Semiconductor revenue growth versus market value changes (year-over-year)
Source: Company reports, Factset, DPAM; 2024
At present, the data collected by the Semiconductor Industry Association continue to indicate that the growth of the sector is in positive territory and that we are in the growth acceleration phase of the cycle. Historically, this stage can be characterised as the mid-part of the cycle and has been favourable for the performance of semiconductor stocks. Despite still being in the revenue growth acceleration phase, the market value of these companies, as represented by the SOX equally weighted index, has already peaked and is now more than 20% below its early summer high. This apparent contradiction raises important questions for investors. Why is the market pulling back when indicators suggest we should be in a bullish phase? Part of the answer lies in concerns regarding the breadth of the cyclical recovery we have seen so far.
Up until now, the current cycle has been largely propelled by the growth of AI. This trend is evident in the data centre revenue profiles of companies like Nvidia, as well as in the sales figures of DRAM memory manufacturers. The explosion of AI technologies, and more specifically Generative AI, has driven an intensive demand for high-performance and power-efficient computing chips, as well as high-performance memory chips.
Meanwhile, outside of AI, the mainstream segments of the market—such as smartphones, personal computers, industrial equipment, and automotive applications—are only just beginning to recover. The automotive sector, in particular, is still grappling with an inventory correction. The recovery has been slower than companies had anticipated, but it remains underway, in our opinion. The anticipated increase in the volume of smartphones and PCs, combined with the additional boost from higher semiconductor content per device for edge AI applications, is expected to sustain the industry cycle into 2025, provided that investment in Gen AI infrastructure by the cloud providers doesn't decline—a scenario that is not currently the base case.
Since the summer, the market has been grappling with concerns about the sustainability of the cycle. These worries, coupled with a weaker outlook for Chinese semiconductor equipment spending—partly due to risks associated with export restrictions—and some operational challenges at industry giants like Intel and Samsung, have caused a derating of the companies specialising in semiconductor capital equipment relative to the market.

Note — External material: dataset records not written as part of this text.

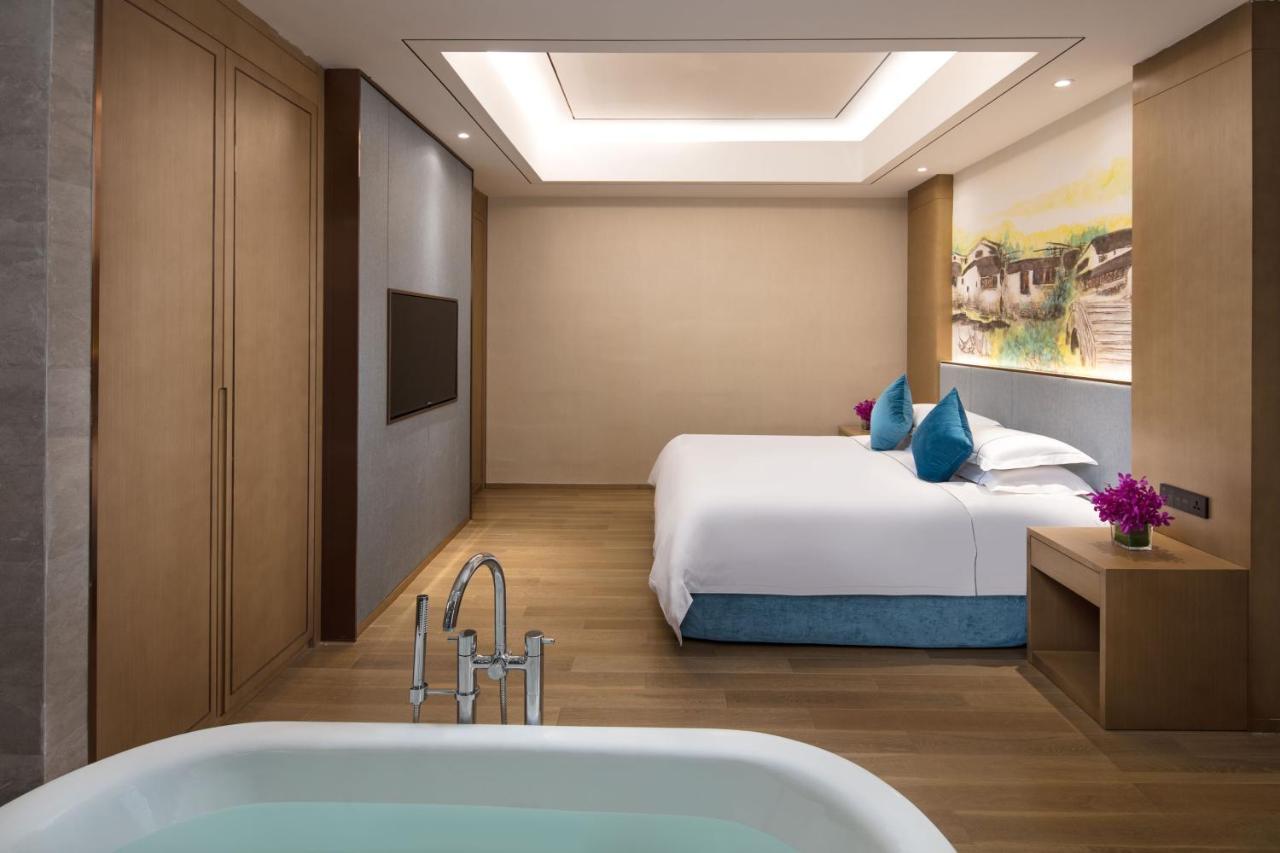 Ramada Encore Hangzhou Aoti Bagian luar foto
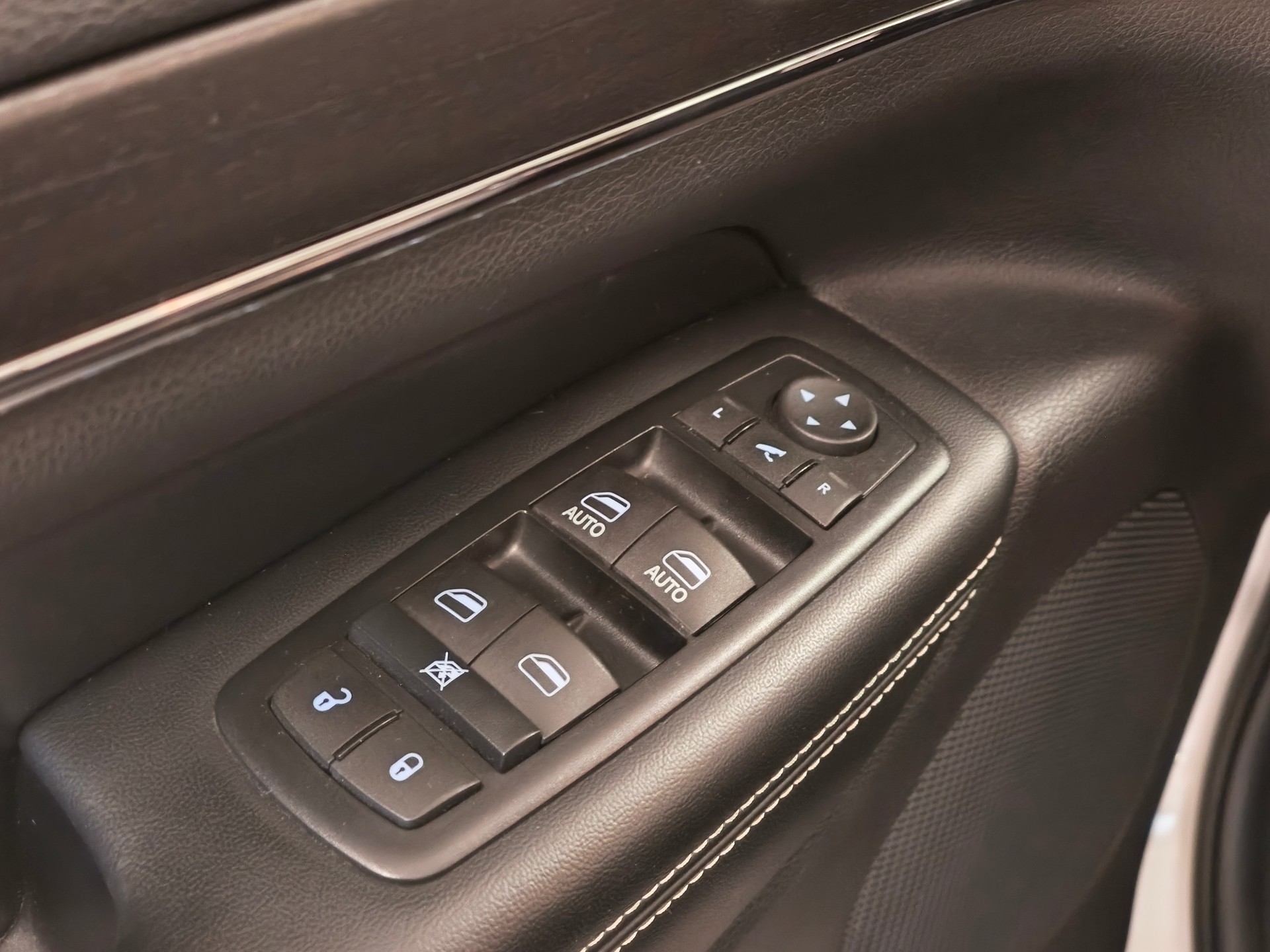JEEP Grand Cherokee 3.0 CRD Limited Automatic-image-17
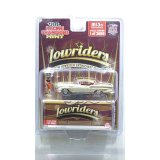 JOHNNY LIGHTNING 1/64 1958 Chevy Impala Lowrider Beige with Lowrider Enthusiast Figure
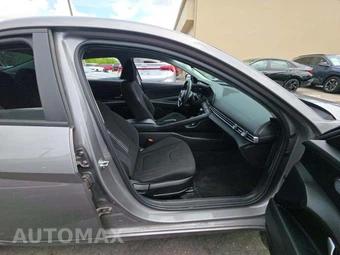 2024 Hyundai Elantra SEL – miniatura 18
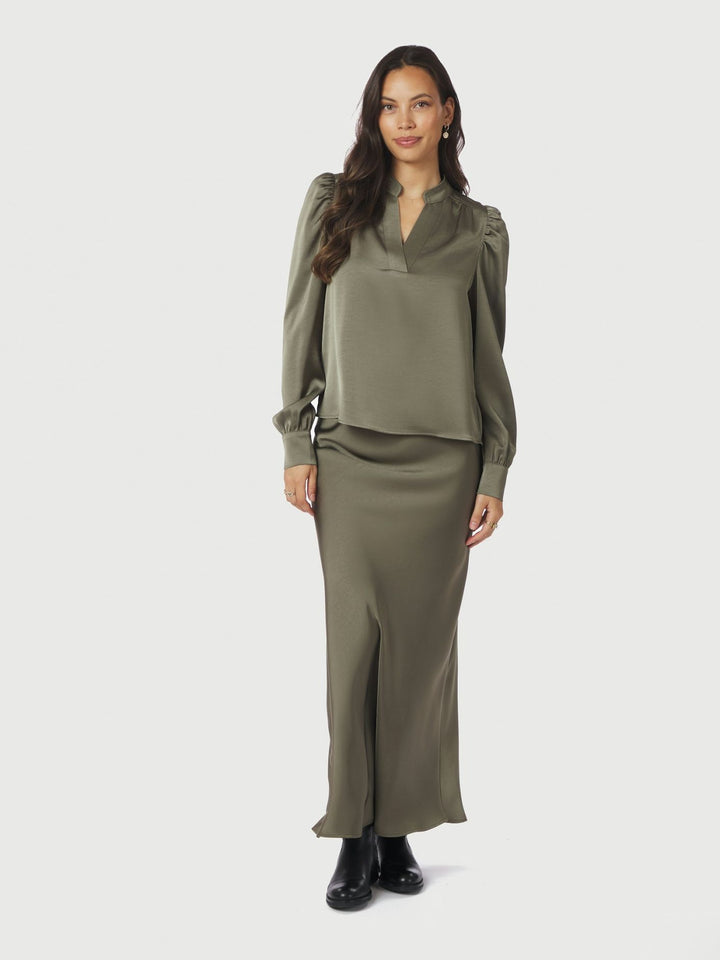 Neo Noir - Rosslyn Heavy Sateen Blouse - Cold Army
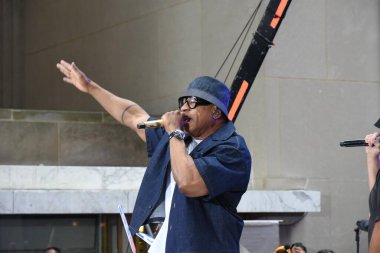 LLCoolJ, James Todd Smith, NBC 'de The TODAY Show' da oynayan ünlü Amerikalı rapçi, aktör ve girişimci. 6 Eylül 2024, New York, ABD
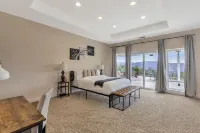 Ahwahnee Hilltop Getaway - large modern home with amazing views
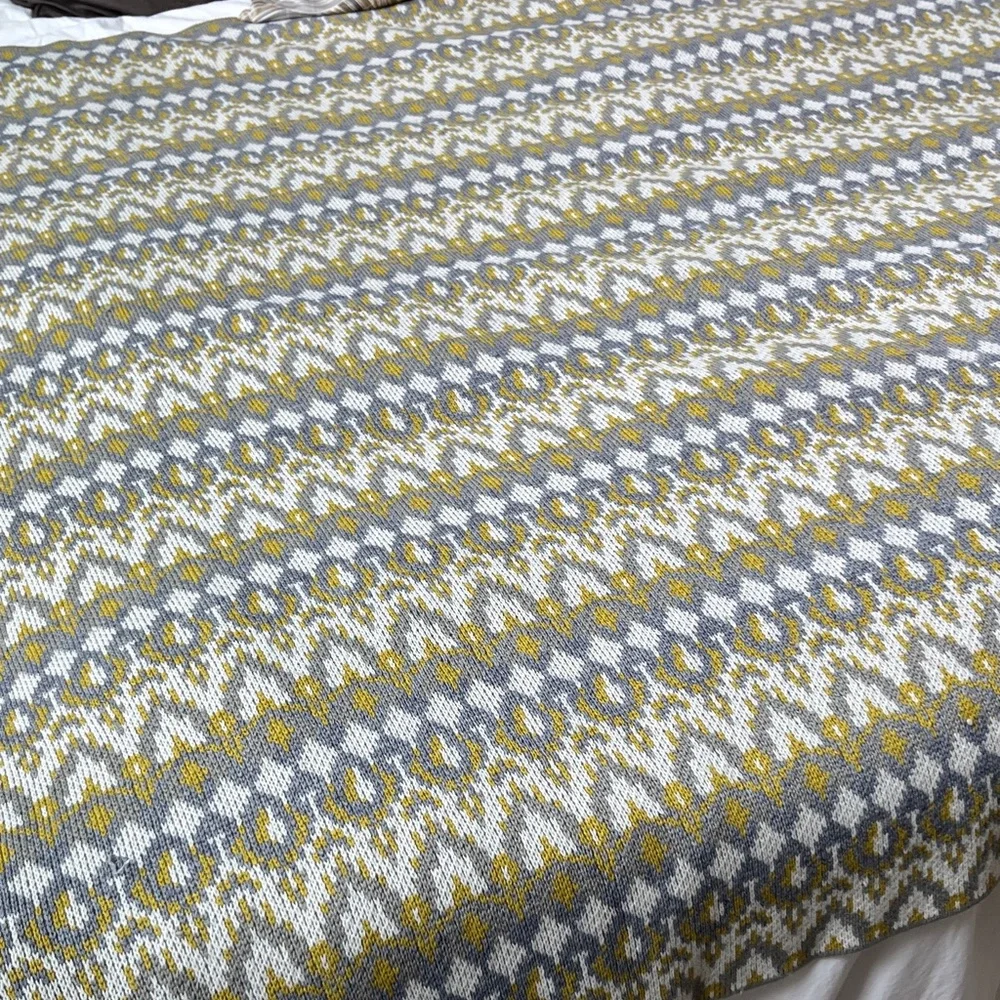 Madison 88 from Anthropologie Cozy Gray and Yellow Patterned Throw Blanket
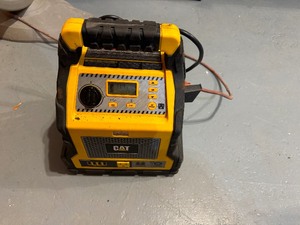 lot 24 image: CAT Jump Pack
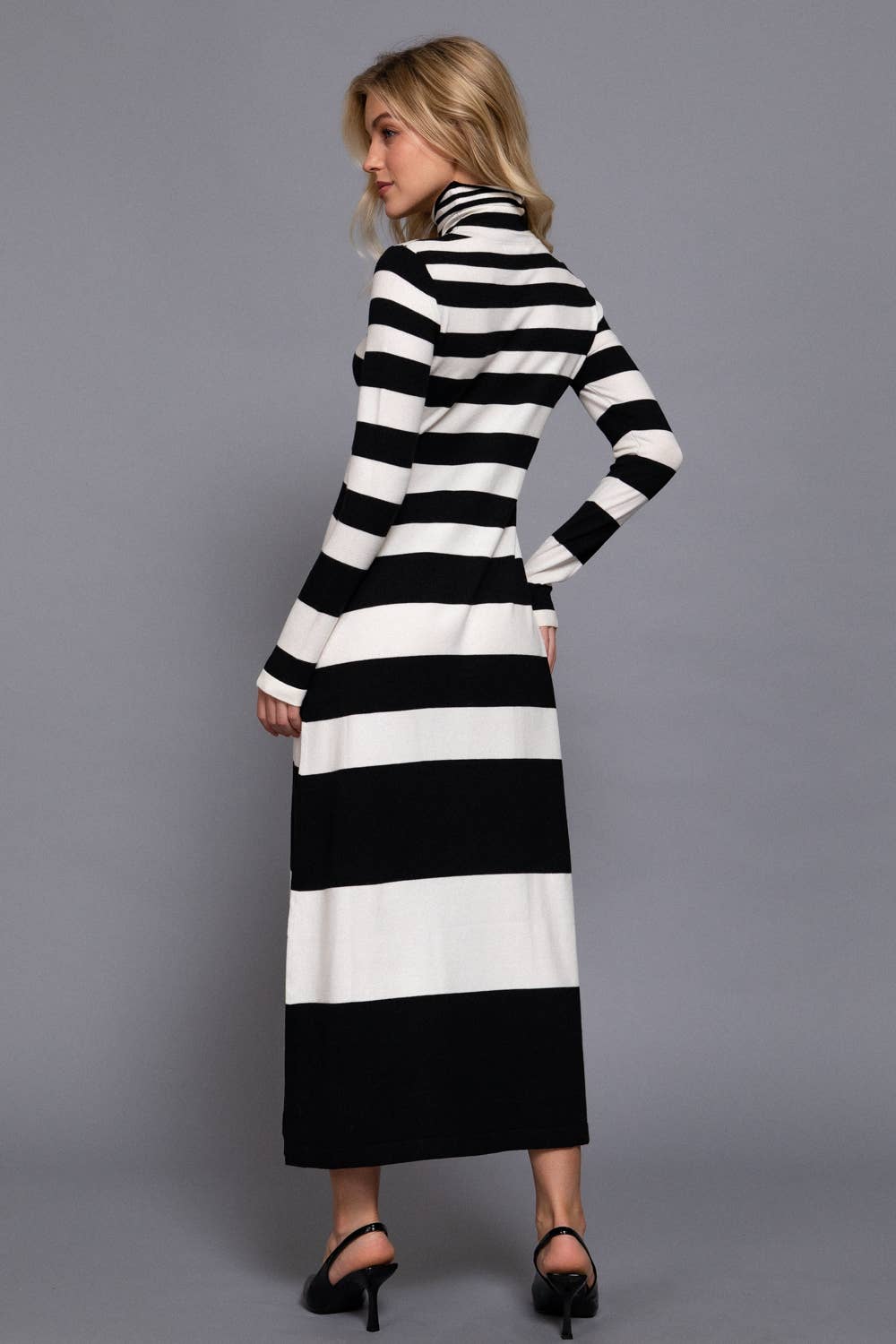 Long Sleeve Turtle Neck Rugby Stripe Maxi Dress: black/cream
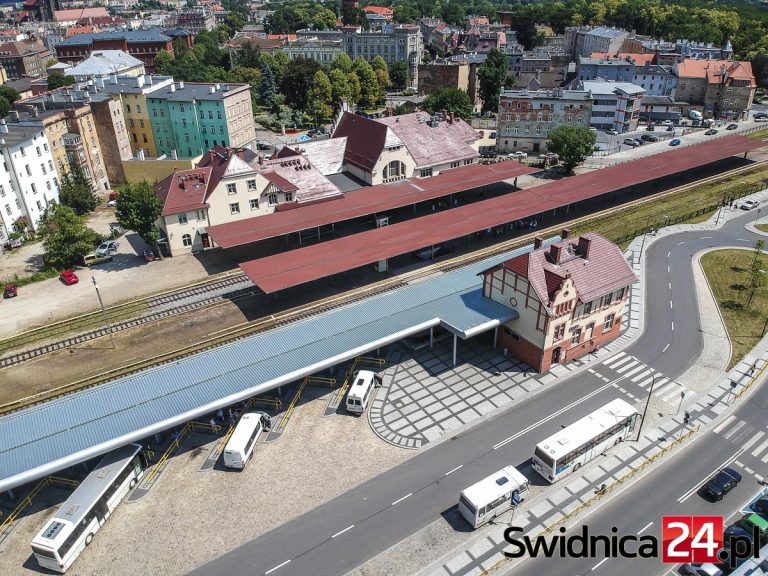 Bez szans na biletomat na dworcu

As we look ahead to a probable rebound in equipment spending in 2025, these firms may present compelling opportunities for investors.
Circling back from the cyclical to the structural discussion, these semiconductor equipment companies benefit from a very attractive asset-light business model, a compelling oligopolistic market structure, as well as from the ever-increasing complexity of manufacturing semiconductors at the leading edge, supporting their strongly profitable growth outlook.